I was not always such a fan of Hamlet. I recall certain events that convince me I was actually a terror as a small child. I can remember my family moving into a new neighborhood when I was around 4. The first thing I did was take off down the street. Upon finding another boy of about the same age, I proceeded to fight him. It ended in a standoff (4 year olds are not terribly effective street fighters) and we decided to become friends. Today I could write a book about being passive/aggressive, but I sometimes wonder what went on in that little kid's head.
I am sure, slowly, I came more and more to rationalize my experiences. A metered self awareness. The same friend, when I was in Kindergarten, came one day to inform me that he had discovered a word much worse than the F-word, our chosen curse at the time. Curiosity aroused, after the appropriate amount of begging on my part, he informed me it was the F-word proceeded by Mother. Having no idea what the F-word meant, I was at a total loss as to how putting the word mother in front of it made it any worse. I even pressed him, "are you sure they didn't say double, or maybe put another swear word in there, somewhere?" I was obviously not as impressed or giddy as he expected. I tried to chalk it up to the whimsy of the faceless "they", but left somehow disappointed, silently questioning the anti-authority.
I never hear Conor swear, oddly enough, but his trips to the Principle's office have continually declined over the years, so he would seem to be a little like his father. Slowly placing himself in context with his environment, in a way other than aggressor or reactionary. I suppose I have a few years of this mellow march towards the teen years. During which I can observe and enjoy teen angst as a detached observer in the privacy of a DVD player. Whether I will have the same tastes in movies after being cast as the authority figure in my son and daughter's teen play, well, that depends on how many Tangent Universes I have to juggle.
Afterword. One interesting model I came across was of the teen years as detention camp.
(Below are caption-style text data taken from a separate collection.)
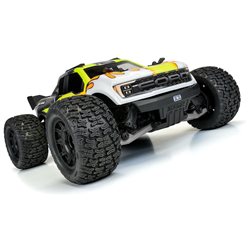 Bash Armor Rear Suspension Arms (Stone Gray) for ARRMA 3S Vehicles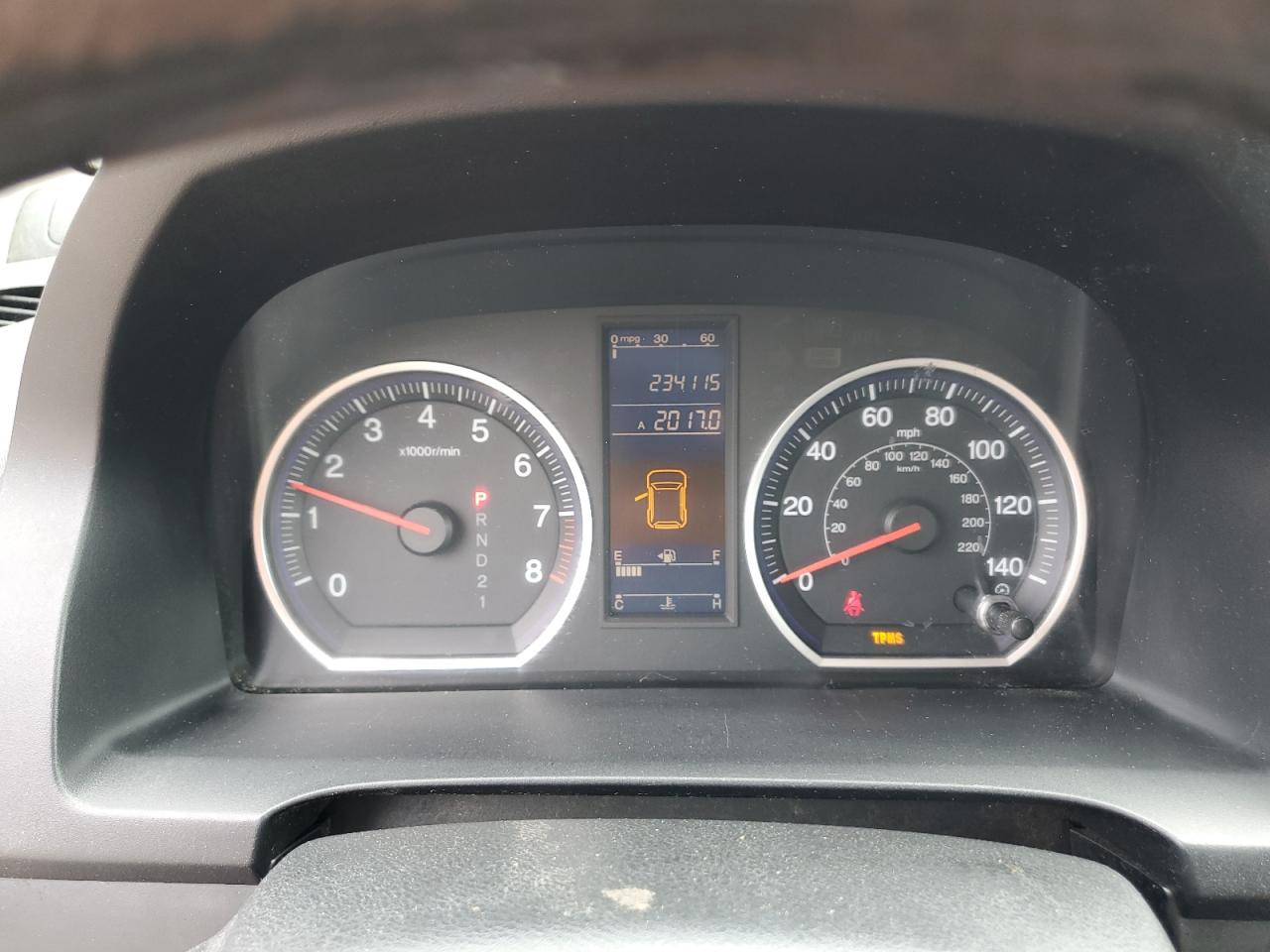 2010 Honda Cr-V Lx VIN: 5J6RE4H30AL031810 Lot: 66687754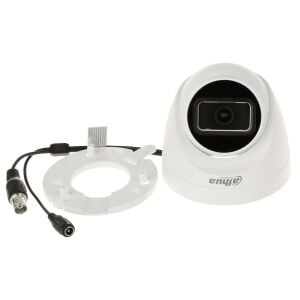 Dahua HAC-HDW1500TRQP-0280B-S2 5 MP 2.8mm IR Dome Analog Güvenlik Kamerası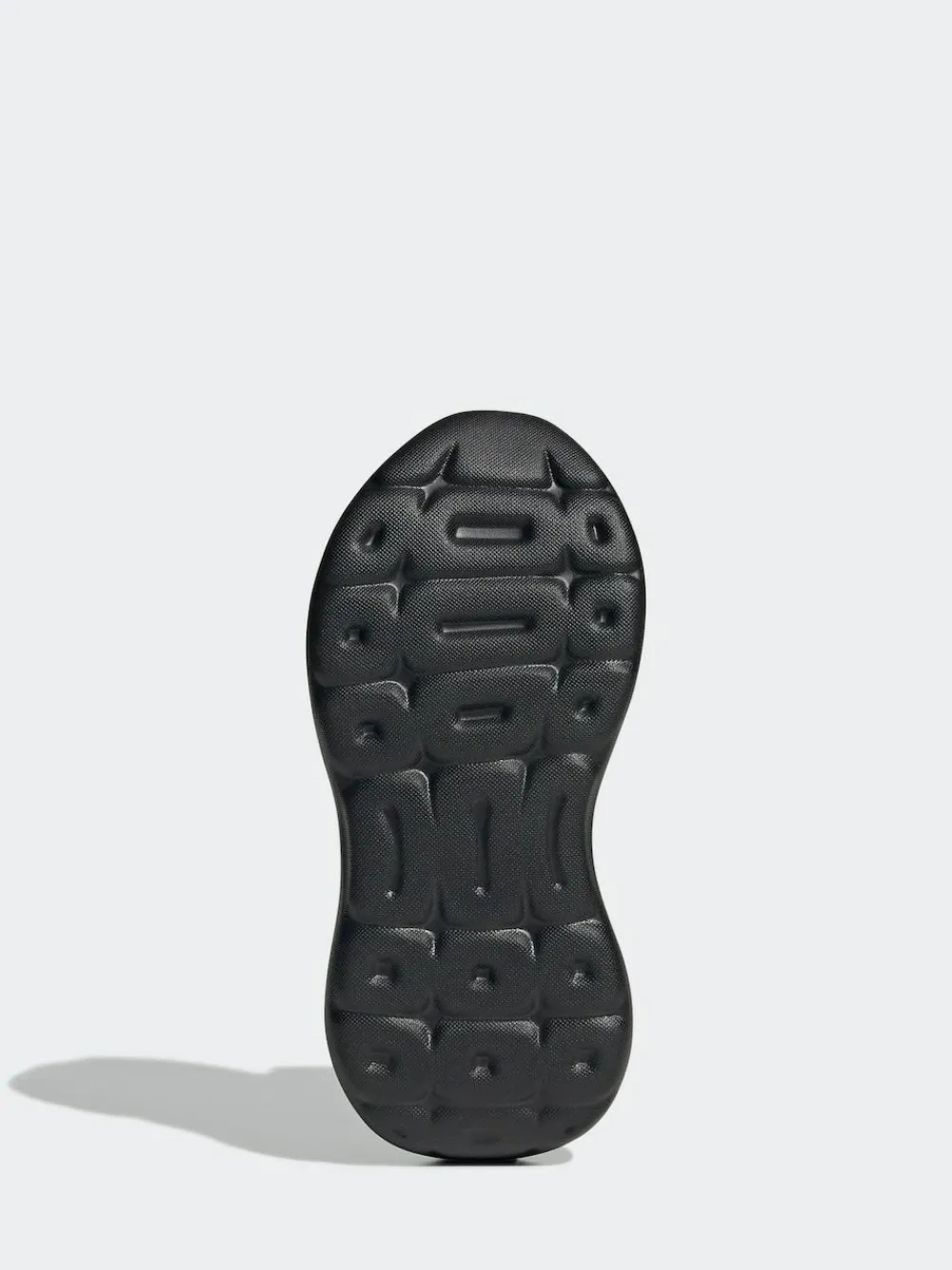 adidas Black Tensaur Comfort Kids Trainers
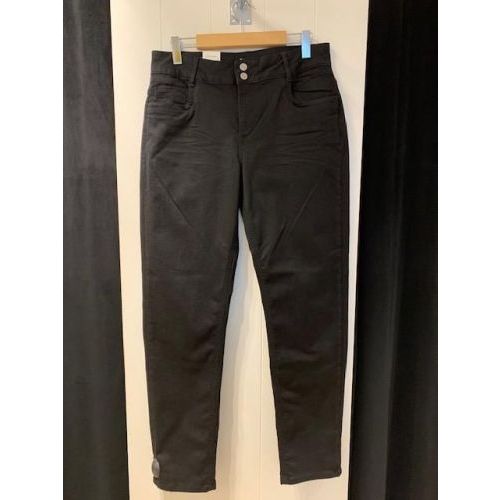denim hunter Broek Black denim hunter Broek Black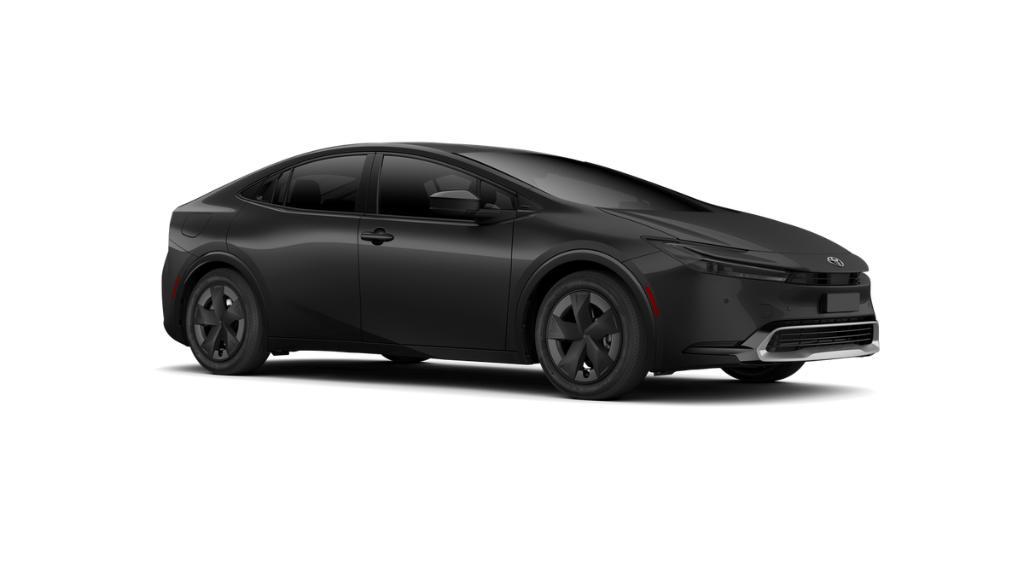 new 2025 Toyota Prius Plug-In Hybrid car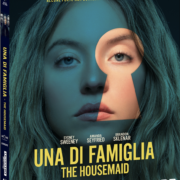 Una Di Famiglia - The Housemaid (Steelbook, 4K Ultra Hd+Blu-Ray Hd)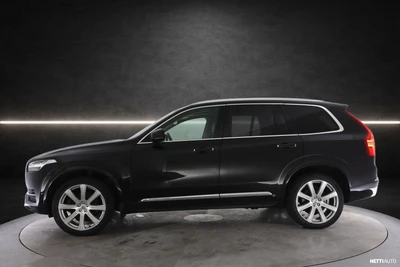 Volvo XC90 2016, photo 3/34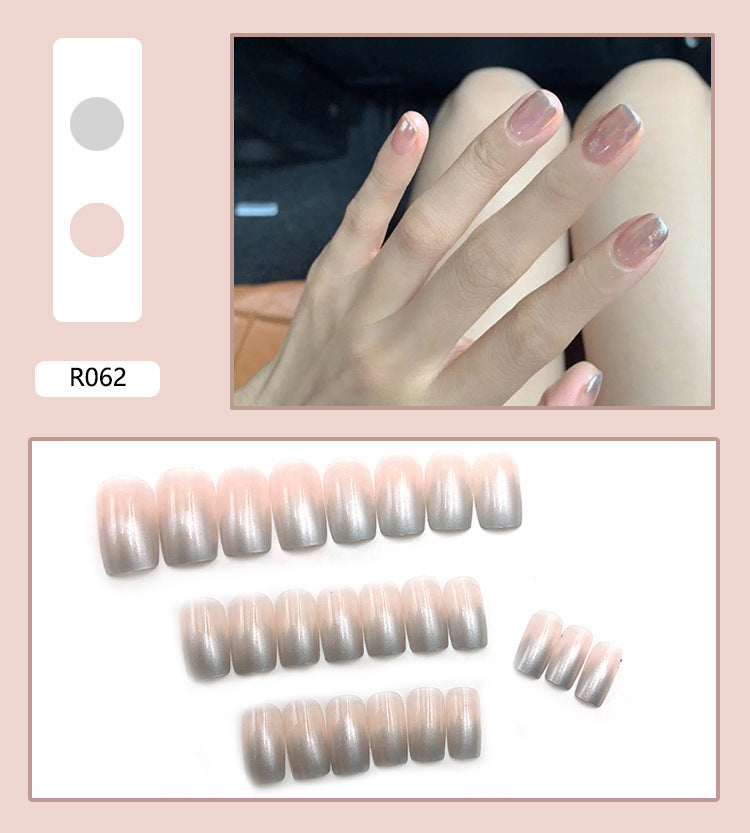 Removable Nail Stickers Female Removable Nail Stickers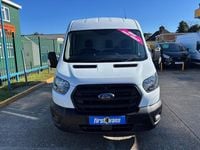 Usado Ford Transit 130 HP (95 kW) 2023 Branco Van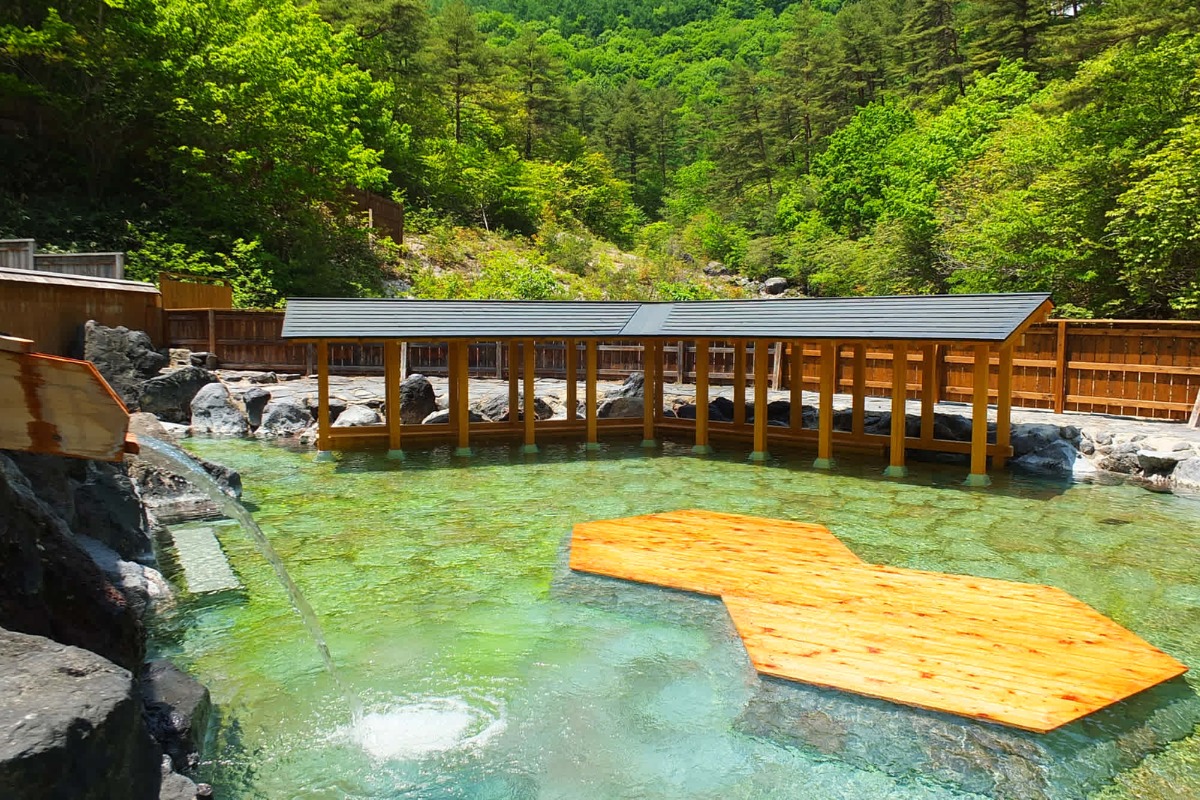 tắm Onsen tại Nhật Bản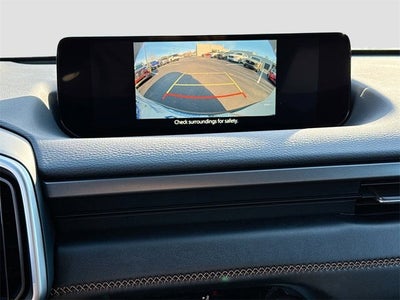 2026 Mazda Mazda CX-50 2.5 Turbo AWD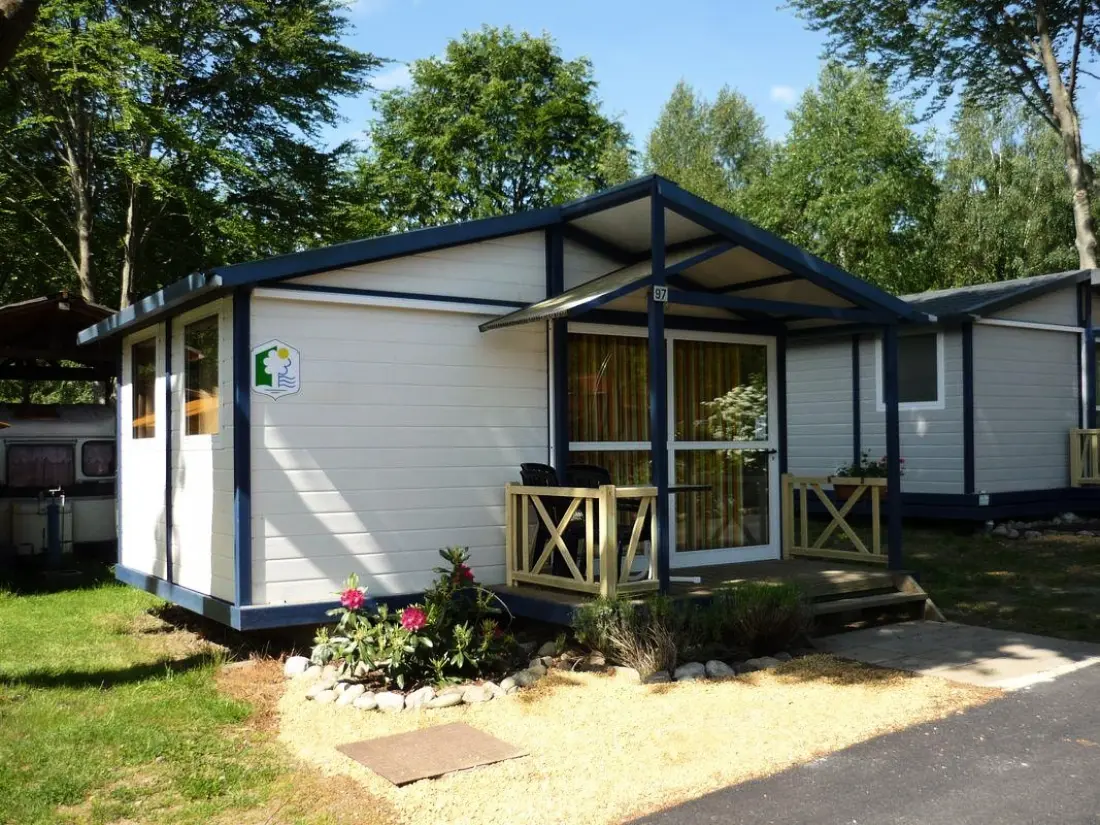 Flower Camping Les Bouleaux 4 étoiles★★★★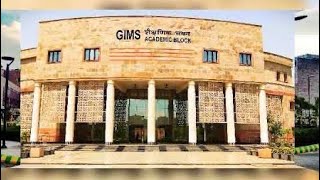 GIMS Greater Noida campus Tour | Hospital | Hostel Rooms | Mess | #pw #neet2023 #kota #afmcpune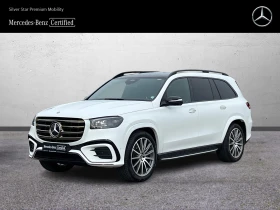 ����� �� �������� �� Mercedes-Benz GLS 450 d 4MATIC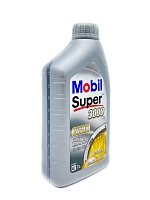 Mobil Super 3000 X1 5W40 (1л) 152567/150564/150547/150012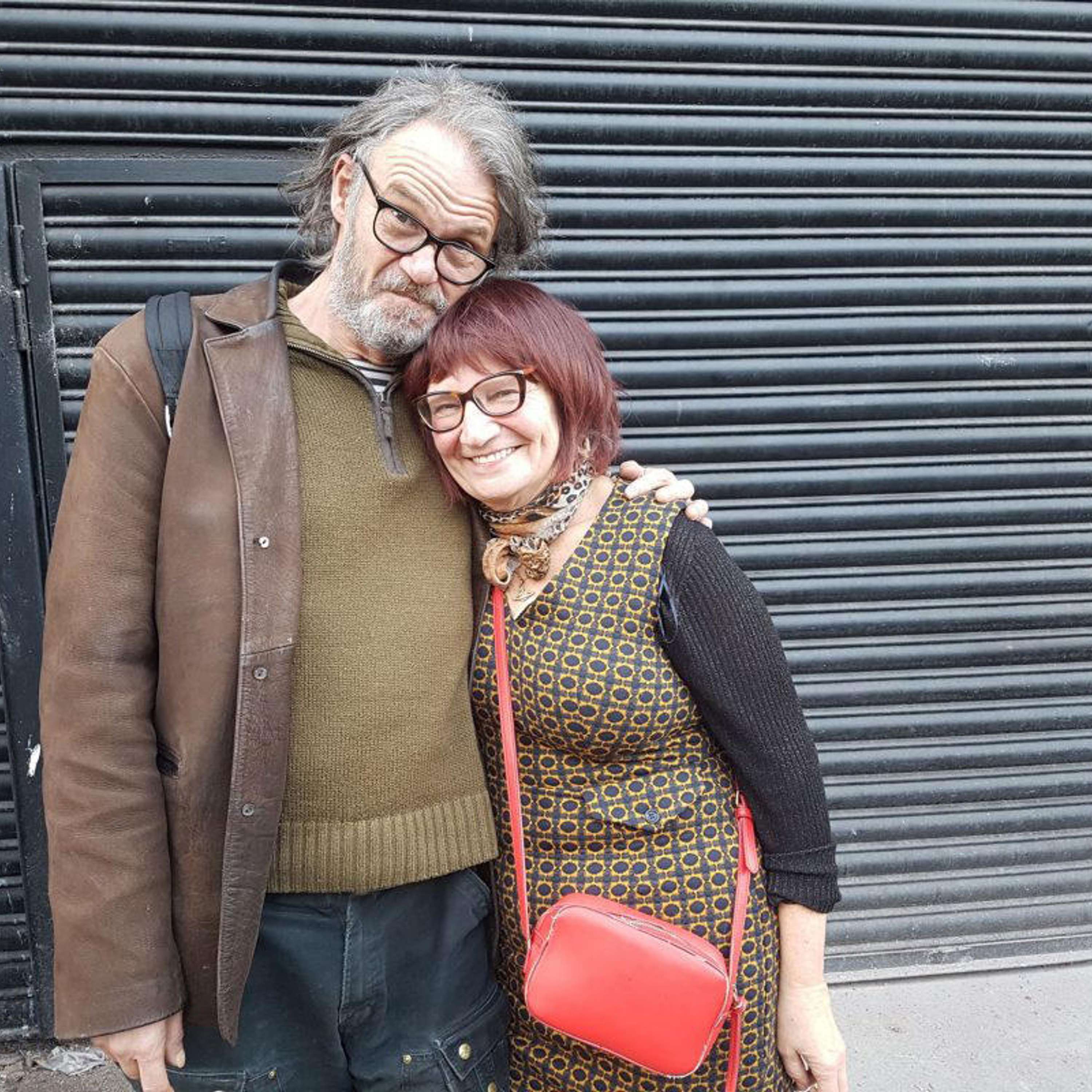 3: Numero Tres: Musician Andy Wickett and Schools of Art, From Birmingham episode artwork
It's important to realize that, no, the adults don't know what the kids are doing to one another. They know, in the abstract, that kids are monstrously cruel to one another, just as we know in the abstract that people get tortured in poorer countries. But, like us, they don't like to dwell on this depressing fact, and they don't see evidence of specific abuses unless they go looking for it.
Public school teachers are in much the same position as prison wardens. Wardens' main concern is to keep the prisoners on the premises. They also need to keep them fed, and as far as possible prevent them from killing one another. Beyond that, they want to have as little to do with the prisoners as possible, so they leave them to create whatever social organization they want. From what I've read, the society that the prisoners create is warped, savage, and pervasive, and it is no fun to be at the bottom of it.
I'll have to let Alison know she is going to prison next year.